[NETCONF-355] Performance regression in controller-rest-cars-perf Created: 28/Feb/17  Updated: 15/Mar/19  Resolved: 21/Apr/17

Status: Verified
Project: netconf
Component/s: restconf-nb
Affects Version/s: None
Fix Version/s: None

Type: Bug
Reporter: Vratko Polak Assignee: Robert Varga
Resolution: Done Votes: 0
Labels: None
Remaining Estimate: Not Specified
Time Spent: Not Specified
Original Estimate: Not Specified
Environment:

Operating System: All
Platform: All


Attachments: File Main-2017-04-18-2.snapshot.xz     HTML File compare     File time results.tar.gz    
External issue ID: 7868

 Description   

The regression may be in clustering code, or in Restconf code.
This affects both Boron and Carbon snapshots, in comparison with Beryllium snapshots.

The biggest difference is in Add_Cars test case, which uses a script [0] to send single POST request to create 10000 car items. But also Add_People test case takes longer, compare Boron durations [1] to Beryllium [2].

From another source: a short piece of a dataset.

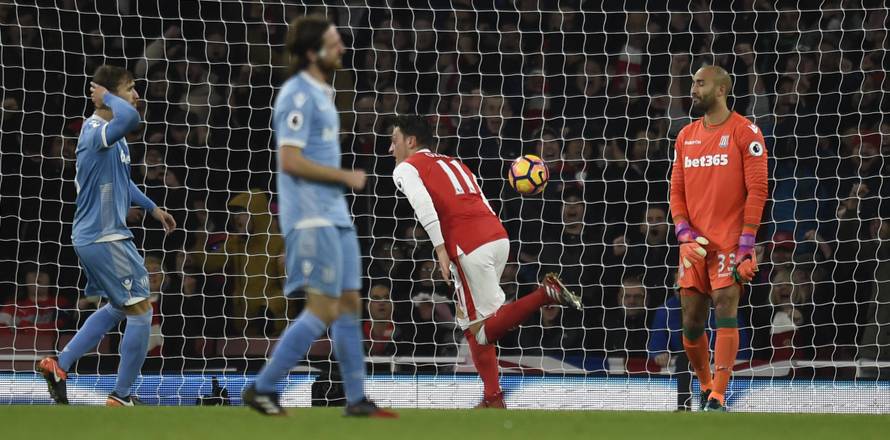 Arsenal's Mesut Ozil celebrates scoring their second goal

[0] https://github.com/opendaylight/integration-test/blob/master/tools/odl-mdsal-clustering-tests/scripts/cluster_rest_script.py
[1] https://jenkins.opendaylight.org/releng/view/controller/job/controller-csit-1node-rest-cars-perf-only-boron/870/robot/controller-rest-cars-perf.txt/
[2] https://jenkins.opendaylight.org/releng/view/controller/job/controller-csit-1node-rest-cars-perf-only-beryllium/116/robot/controller-rest-cars-perf.txt/



 Comments   
Comment by Robert Varga [ 23/Mar/17 ]

Well, Verify_Cars fails, can they be related?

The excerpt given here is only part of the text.